Once upon a time, such fraud was much more easily detectable through factors such as accents, language barriers and the difficulty perpetrators encountered when deviating from the script. Today, impersonation fraud is far more likely to happen, because scammers are becoming far too familiar with advanced technologies that makes the crime more accessible, accurate and easier to carry out. Predatory criminals can now create bespoke accents and even clone people’s voices, using advanced social engineering techniques, generative AI text to speech based on audio clips simply dragged and dropped into a programme and activated at the click of a button, and speech-to-speech translation.

To tackle the scourge of bad actors targeting innocent people, businesses, and organisations, online and in their own homes, this new level of fraud crime requires new lines of defences to safeguard communication and protect reputations. And Cisco recognised that LastingAsset had a unique answer in its unique core security platform and encryption technology to stop cybercriminals making scam phone calls and duping victims.

Creating safer and seamless communications

Within its platform, LastingAsset offers real-time fraud detection and call spoofing protection, meaning fraudulent calls to a business’s customers can be thwarted before they even happen. Through a combination of cryptography techniques, its innovative solution ensures only legitimate callers are granted access, without violating privacy. Its software development kit can be easily integrated into existing systems and connect with an organisation’s communications infrastructure. Once set up, all incoming calls for customers are protected via a seamless connection between the company’s system and LastingAsset’s own secured cloud services.

For example, with call centres, its solutions are integrated into the company’s VoIP provider and, just as the call is initiated by the agent, the software development kit is notified which then alerts the customer about the incoming call from the business. This platform ensures customers know exactly who is calling them, strengthening company reputation, improving operational efficiency, enhancing customer experience, and building invaluable trust.

Embarking on a transformative journey

Cisco is working with LastingAsset by offering not just financial support, but also mentorship and guidance from its UK and Ireland Chief Technology Officer, Chintan Patel. As well as wider support to develop its concept further to meet the highest industry standards and eventually bring it to market.

On behalf of Cisco, I wholeheartedly congratulate the teams working on this ground-breaking innovation to help make the digital world safer for all. Both the technical team led by Dr Zakwan Jaroucheh, Dipankar Sarkar, and Professor Bill Buchanan OBE, and the commercial team led by Nanik Ramchandani of Imagine Ventures, and Cathy Higginson, Business Development and Relationship Manager at Edinburgh Napier University.

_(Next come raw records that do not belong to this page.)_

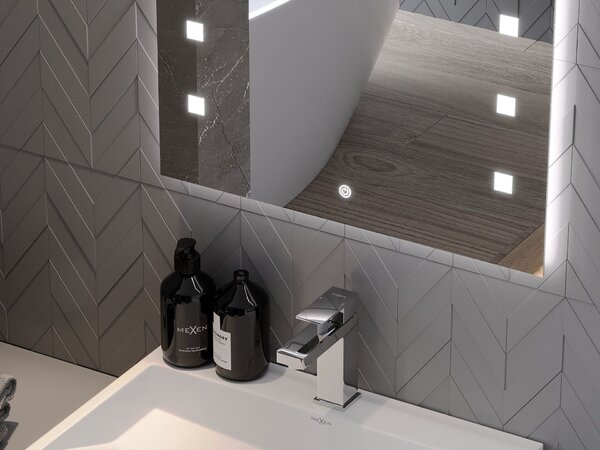 Mexen Ner megvilágított fürdőszobai tükör 60 x 80 cm, LED 6000K, páramentes - 9809-060-080-611-00
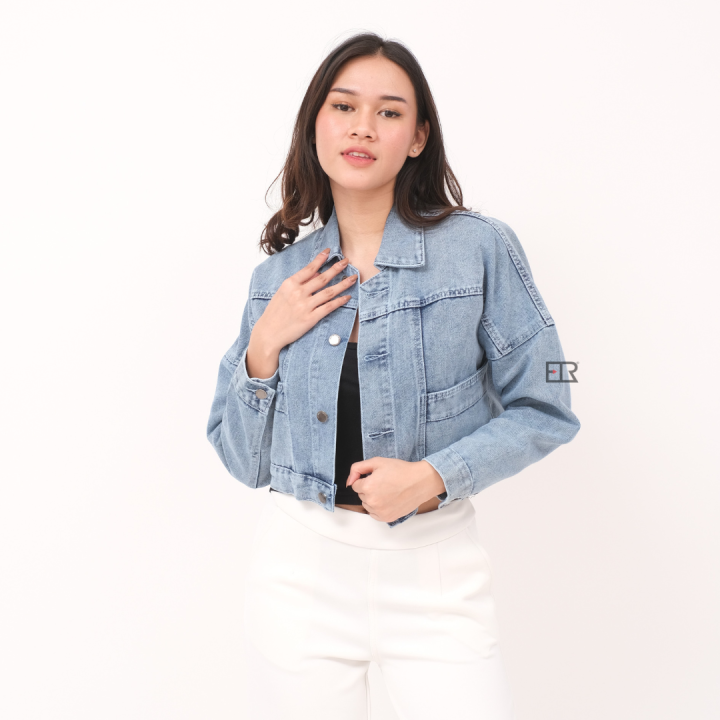Jaket Crop Jeans Oversize Wanita Premium Model Saku Terbaru Crop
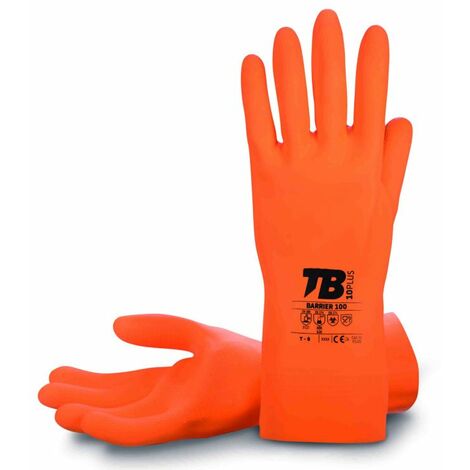 GUANTE LATEX NATURAL FLOCADO NARANJA 10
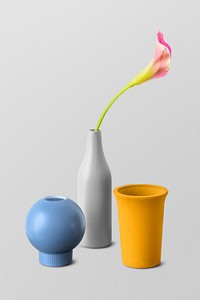 Pink calla lily flower in a gray vase mockup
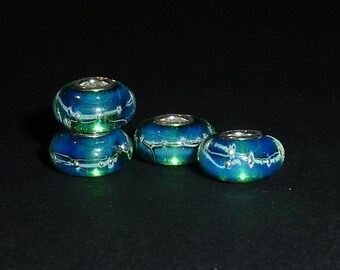 Lampwork large hole beads set - Comet's tale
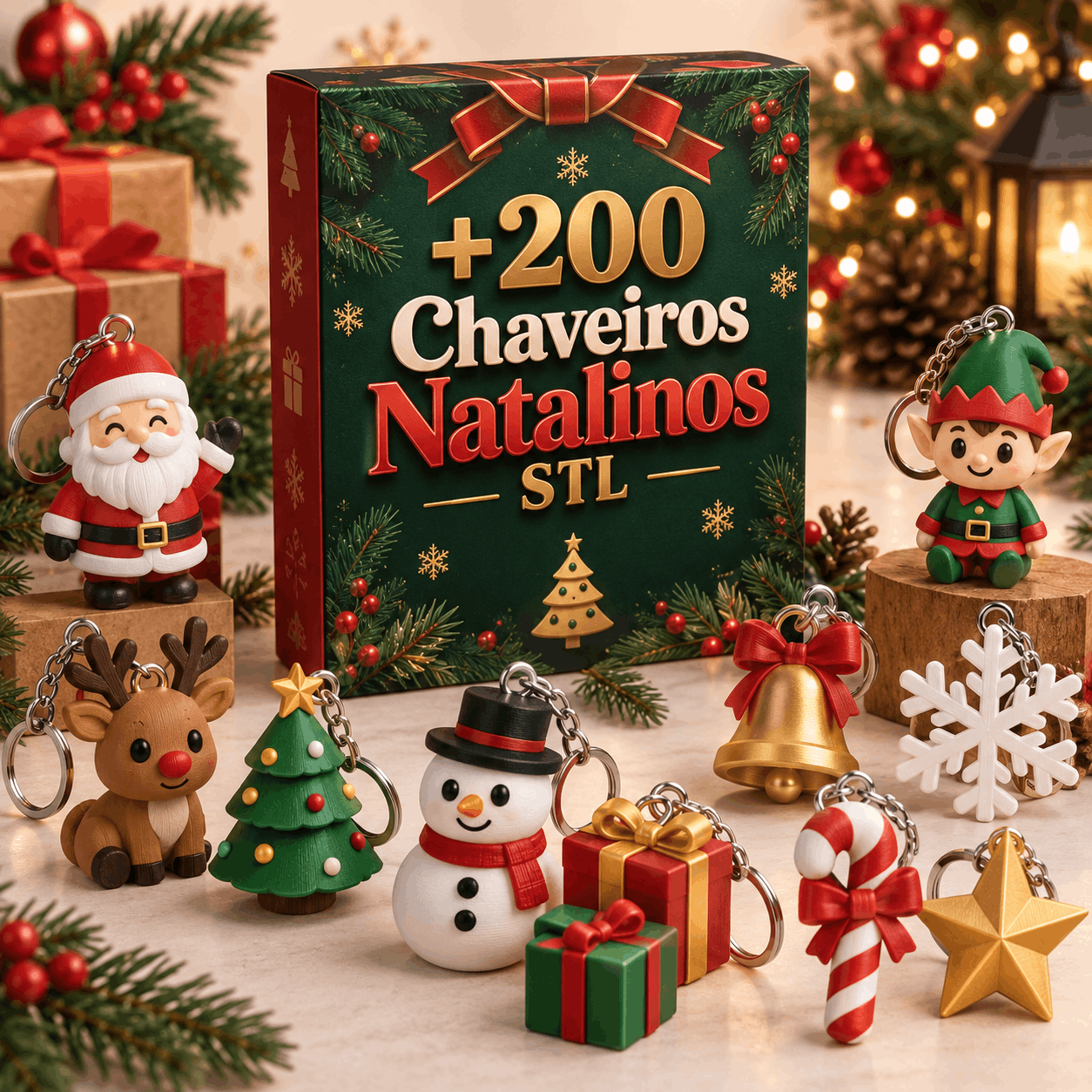 +200 Chaveiros Natalinos em STL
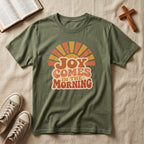 Joy Comes in the Morning T-Shirt — Retro Sunrise Graphic Tee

Ever more sophisticated cybercriminals are using the latest technologies to take phone call fraud to a whole new level. But by recognising LastingAsset’s outstanding ideas and ingenuity, we want to help them deliver tangible impact and overcome this predatory form of crime that affects all our society. So, one day none of us will feel the need to question the voice at the end of the line, and instead be assured that what we hear is genuinely what we get.